The following sections of this paper will give a detailed idea about the proposed E-TMS approach. The next section checks the requirement of a robust trust-based approach by analyzing the currently functioning approaches in IoT-enabled smart networks. Section 3 gives an overview of the need for research in this area. The proposed Edge-based Trust Management System has been detailed in Section 4. The performance analysis and the comparative study have been included in Section 5. The conclusion and the future scope of research in this area have been discussed in Section 6.

Wang et al. [9] introduced a recommendation-dependant system to take decisions for network management. The proposed work evaluates the trust of each entity in the smart city environment for excluding the malicious entities from the recommendation process. The computing node will accept the recommendations only from trustworthy IoT devices. The proposed work aims to utilize the trust-based recommendation mechanism to secure the network from various security threats. If the recommendation system considers only the trustworthy nodes, it can produce a reliable outcome. The proposed system evaluates each node based on the trust values. The trust will be calculated by the trust aggregation process. But the trust aggregation process does not possess an intelligent mechanism to eliminate the impact of malicious contributions. Thus, the selection of entities to participate in the recommendation system is vulnerable.

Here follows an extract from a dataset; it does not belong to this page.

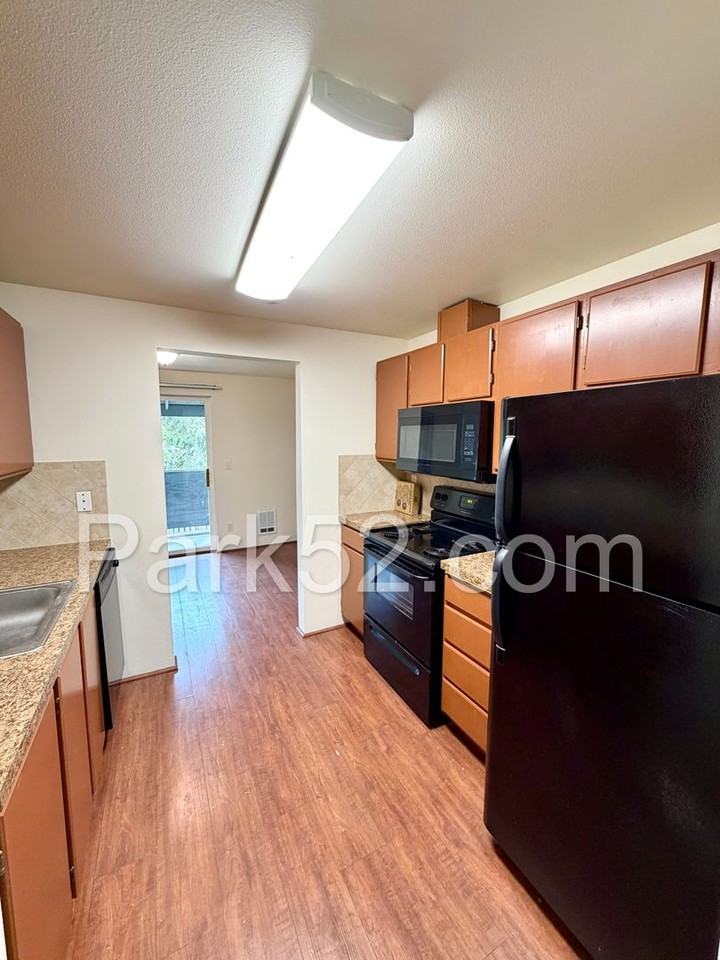 17718 85th Avenue Ct E #C - Photo 5 of 16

ElRahman and Alluhaidan [10] introduced a blockchain-based approach to secure healthcare IoT systems. The proposed framework designs a trust model to prevent data leakage. Most of the data involved with the healthcare systems will be related to personal health information. Such sensitive data needs to be handled carefully. The proposed system initially builds ontologies for the IoT network. The ontology-based IoT-enabled healthcare system utilizes semantic references to find cognitive relationships. Upon creating the ontologies, the framework applies blockchain technologies to secure the IoT network. Blockchain technology offers sensor data integrity to the perception layer, authentication service to the network layer, privacy-preserving schemes to the middleware layer, and mechanisms to ensure the overall security of the devices in the application layer. The overall operational complexity of the proposed approach is quite high. To enhance the performance of the edge servers, it is always adequate to employ only lightweight algorithms.

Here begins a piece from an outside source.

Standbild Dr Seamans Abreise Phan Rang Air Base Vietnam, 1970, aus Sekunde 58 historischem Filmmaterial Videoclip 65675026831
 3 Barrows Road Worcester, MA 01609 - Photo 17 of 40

Adewuyi et al. [11] designed a recommendation dependant approach to evaluate the network entities. The system receives recommendations from all the registered entities to finalize the recommendation trust. Upon finalizing the recommendation trust, the proposed framework applies the belief function to estimate the trustworthiness of the evaluated trust. The output of the belief function indicates the willingness of each node to trust the recommendation trust. Thus, the nodes need not blindly believe the recommendations. Each node will act based on the output of the belief function. Thus, the recommendation trust cannot make changes directly to the existing trust relationships. Since the recommendation trust also includes the contribution from malicious nodes, the evaluation performed by the belief function may not be accurate always.

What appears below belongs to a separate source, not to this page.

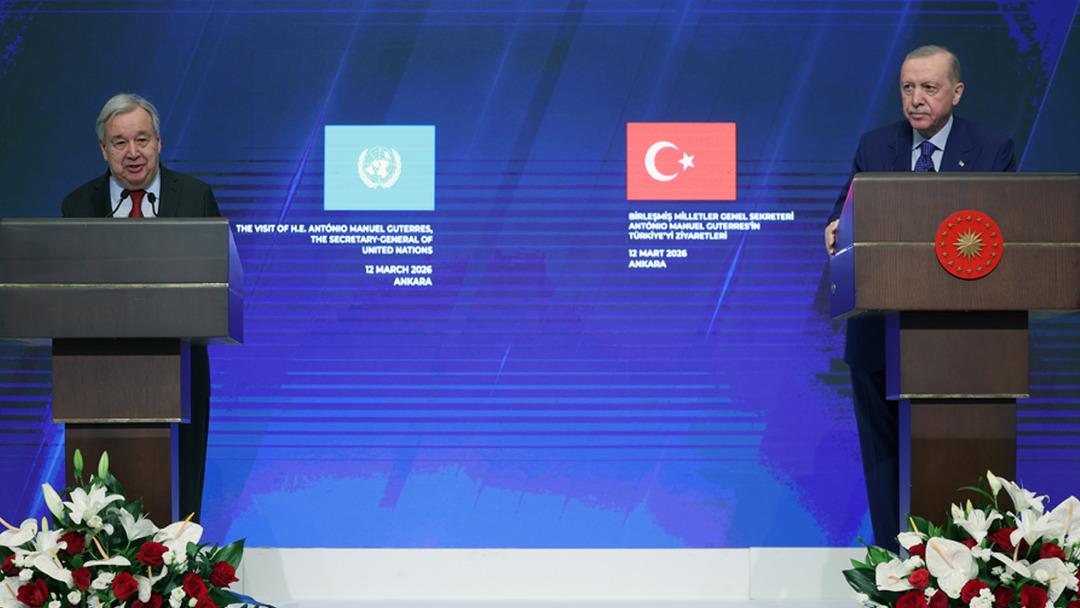 Cumhurbaşkanı Erdoğan: "İran merkezli şiddet sarmalının b&uuml;y&uuml;memesi i&ccedil;in yoğun diplomasi trafiği y&uuml;r&uuml;t&uuml;yoruz" 5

Fang et al. [12] introduced a fog-based approach for ensuring data integrity. The proposed method uses a source anonymity algorithm to make the source node undetectable to malicious nodes. Also, it integrates RSA digital signature to preserve the confidentiality of data. It follows a randomly delayed transmitting scheme to reduce energy consumption. But the overall framework lacks an intelligent approach to isolate the involvement of malicious nodes from the execution of subsidiary methods. Manimurugan et al. [13] introduced a machine learning-based approach for detecting malicious nodes. The work has been introduced to prevent unauthorized access to network resources. The method evaluates each entity by gathering necessary information from the neighboring nodes. The Deep Belief Network predicts the behavior of each network entity by analyzing the individual contributions. Since the mechanism accepts trust contributions also from malicious nodes, the malicious node can make a large impact on the output. By utilizing this limitation, a malicious node can continue in the network for a long period.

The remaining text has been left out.